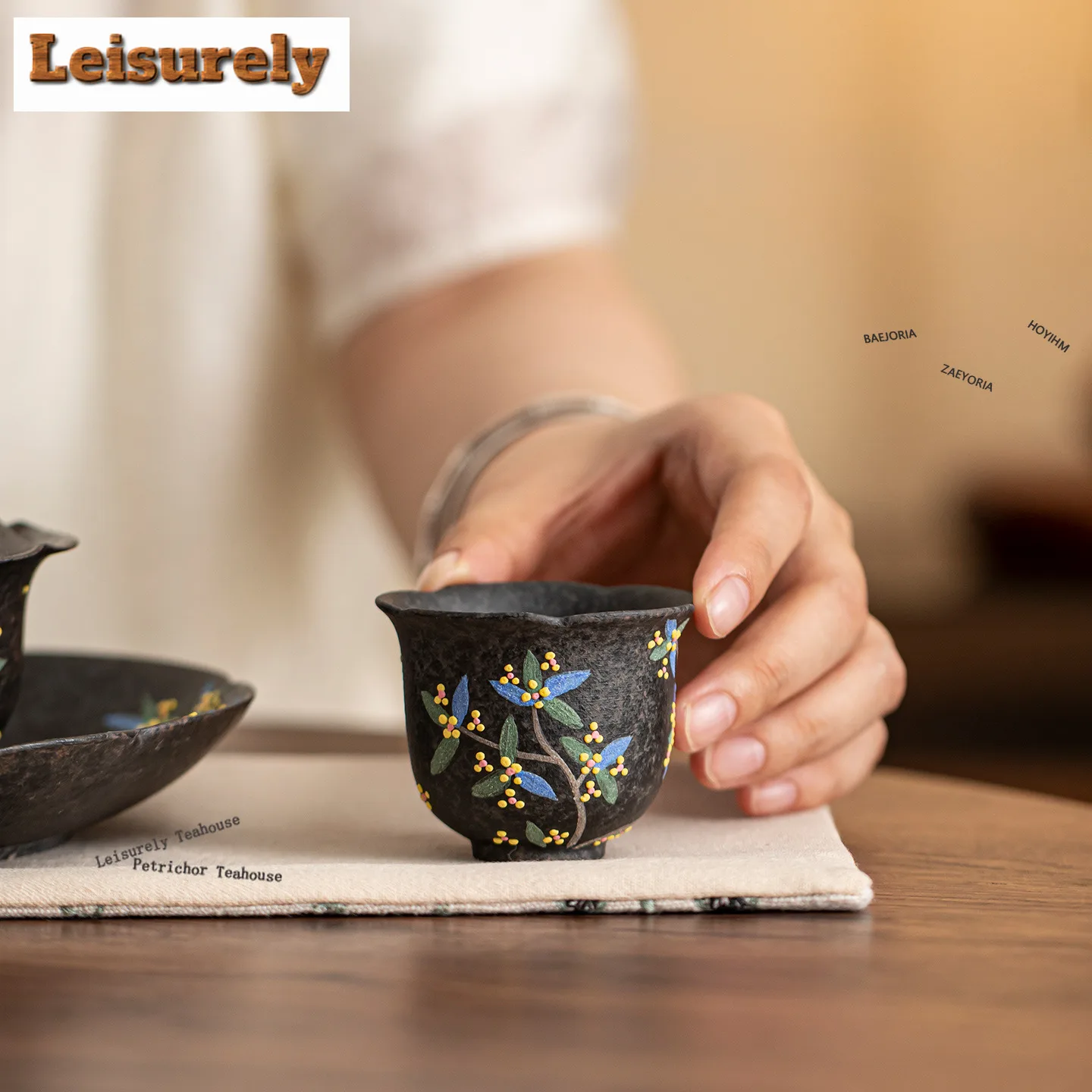 HOYIHM Hand Painted Osmanthus Fragrans Teacup Vintage Tea Bowl Set of Cups Tea-tasting Meditation Cup Jianzhan Master Cup Teaset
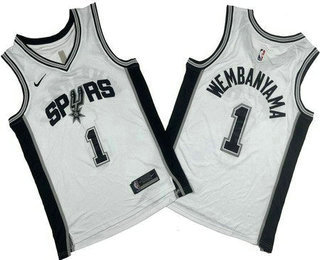 Men's San Antonio Spurs #1 Victor Wembanyama White Icon Swingman Jersey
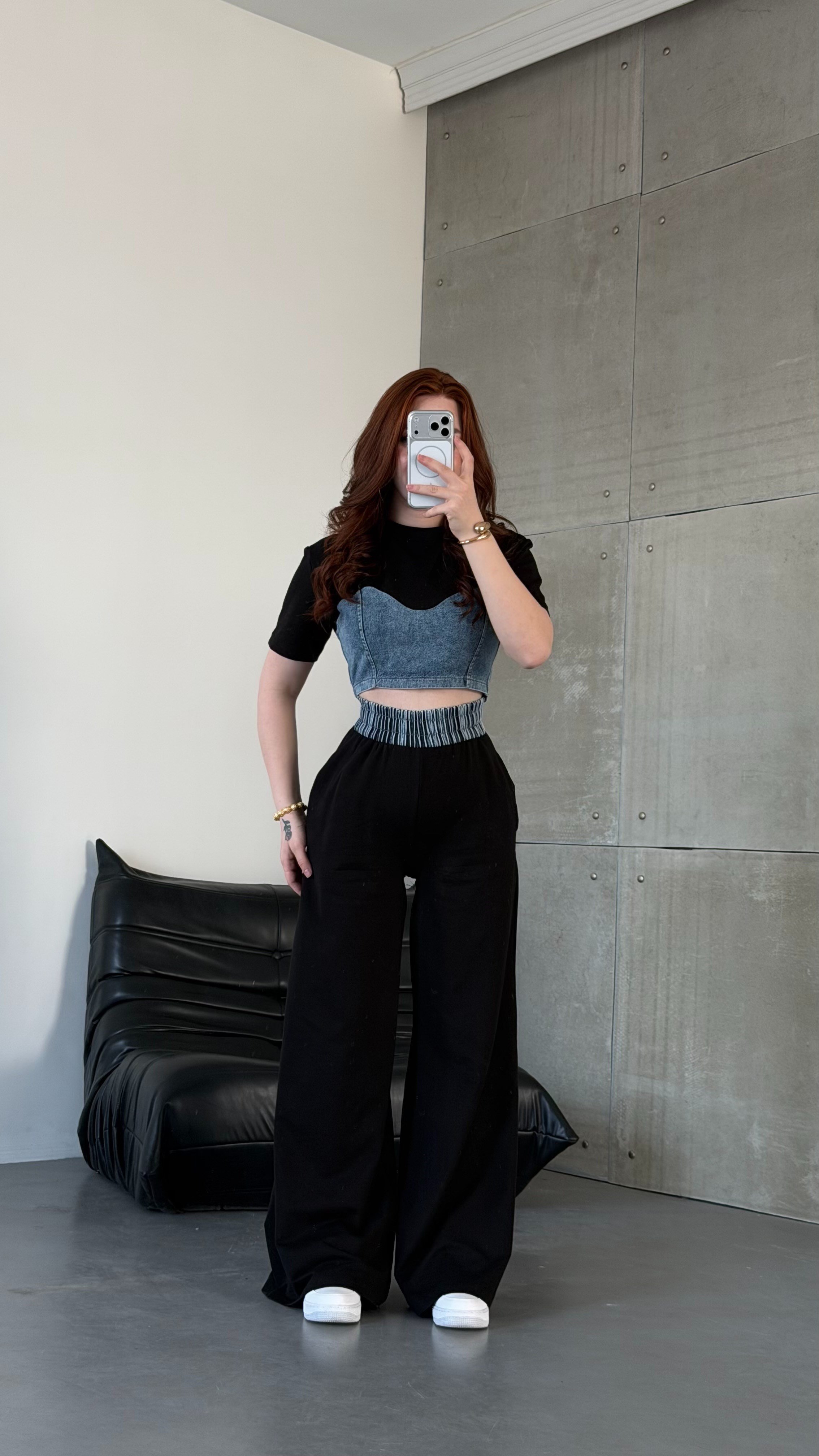 Denim Mix Takım Syah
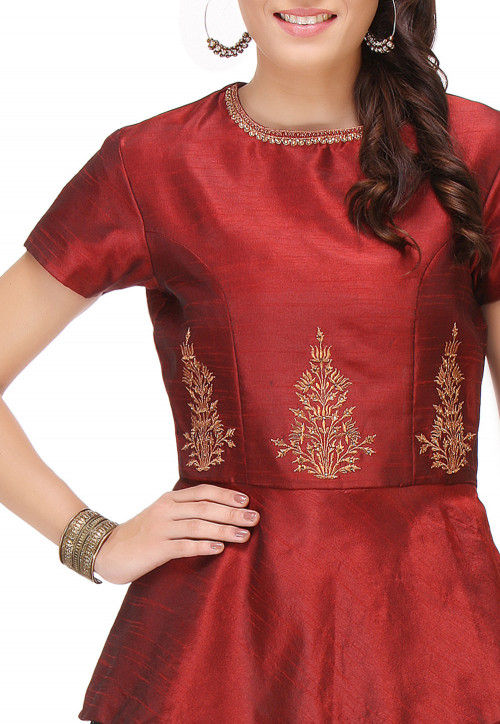 Embroidered Art Silk Peplum Top in Maroon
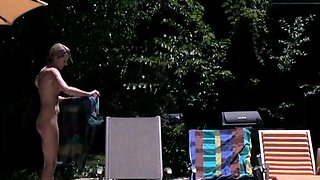 Monica Caught Naked in the Pool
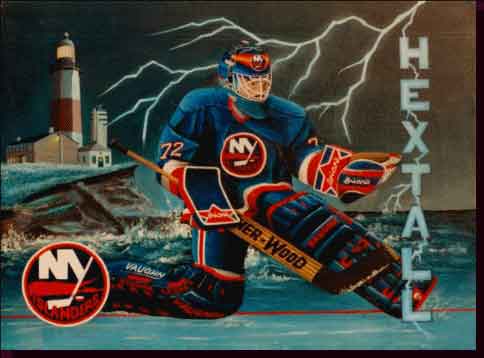 Sports Art NHL Hockey Art Paintings - New York Islanders Artwork, New York Islanders Paintings - New York Islanders Goalie Paintings - Defender of the Realm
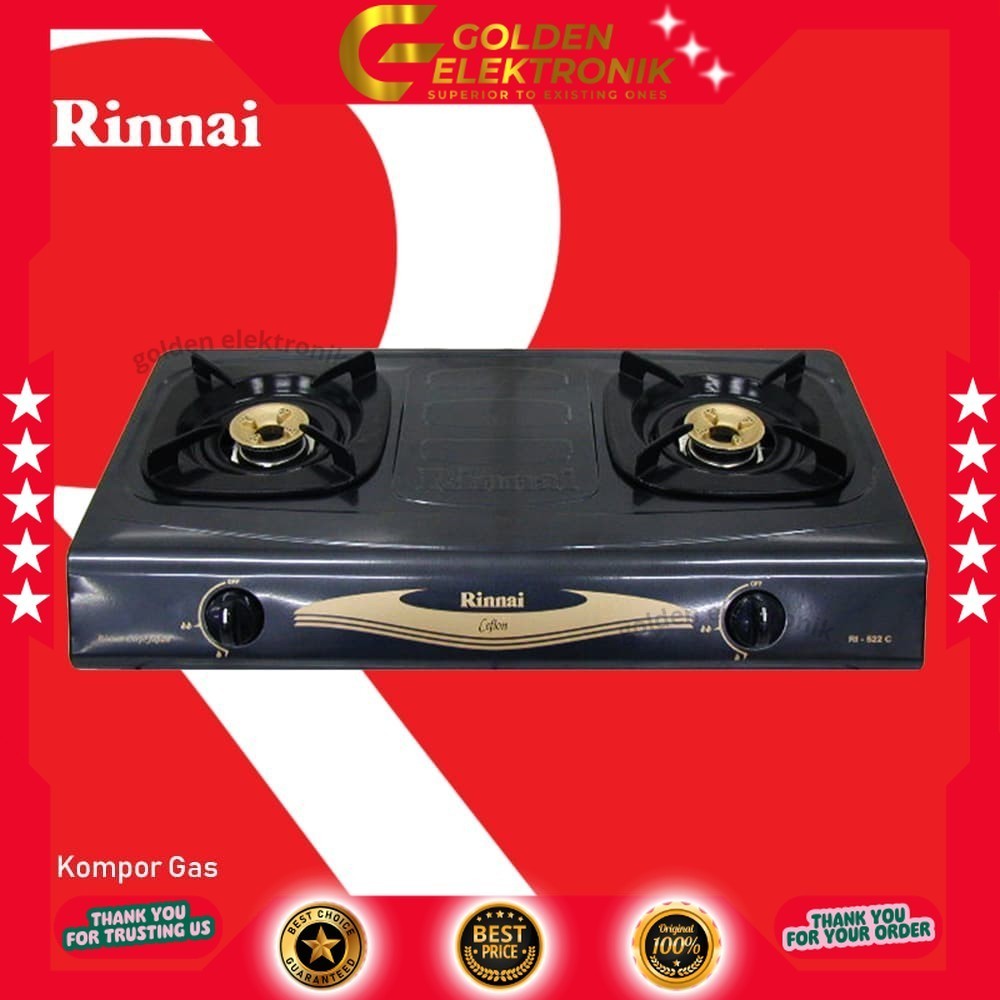 KOMPOR GAS RINNAI RI-522C RI 522C RI 522 C 2 TUNGKU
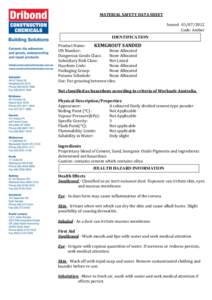 MATERIAL SAFETY DATA SHEET Issued[removed]Code: Amber IDENTIFICATION Product Name: KEMGROUT SANDED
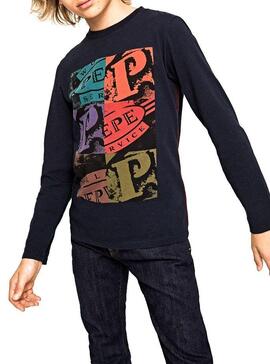T-Shirt Pepe Jeans Ramon Noir Enfante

****************************************

» THE PROBLEM
Please retype every record above exactly, leaving out the pictures.

» PROBLEM SOLUTION
 HOYIHM Hand Painted Osmanthus Fragrans Teacup Vintage Tea Bowl Set of Cups Tea-tasting Meditation Cup Jianzhan Master Cup Teaset
 Men's San Antonio Spurs #1 Victor Wembanyama White Icon Swingman Jersey
 Denim Mix Takım Syah
 Embroidered Art Silk Peplum Top in Maroon
 Monica Caught Naked in the Pool
 Sports Art NHL Hockey Art Paintings - New York Islanders Artwork, New York Islanders Paintings - New York Islanders Goalie Paintings - Defender of the Realm
 KOMPOR GAS RINNAI RI-522C RI 522C RI 522 C 2 TUNGKU
 MATERIAL SAFETY DATA SHEET Issued[removed]Code: Amber IDENTIFICATION Product Name: KEMGROUT SANDED
T-Shirt Pepe Jeans Ramon Noir Enfante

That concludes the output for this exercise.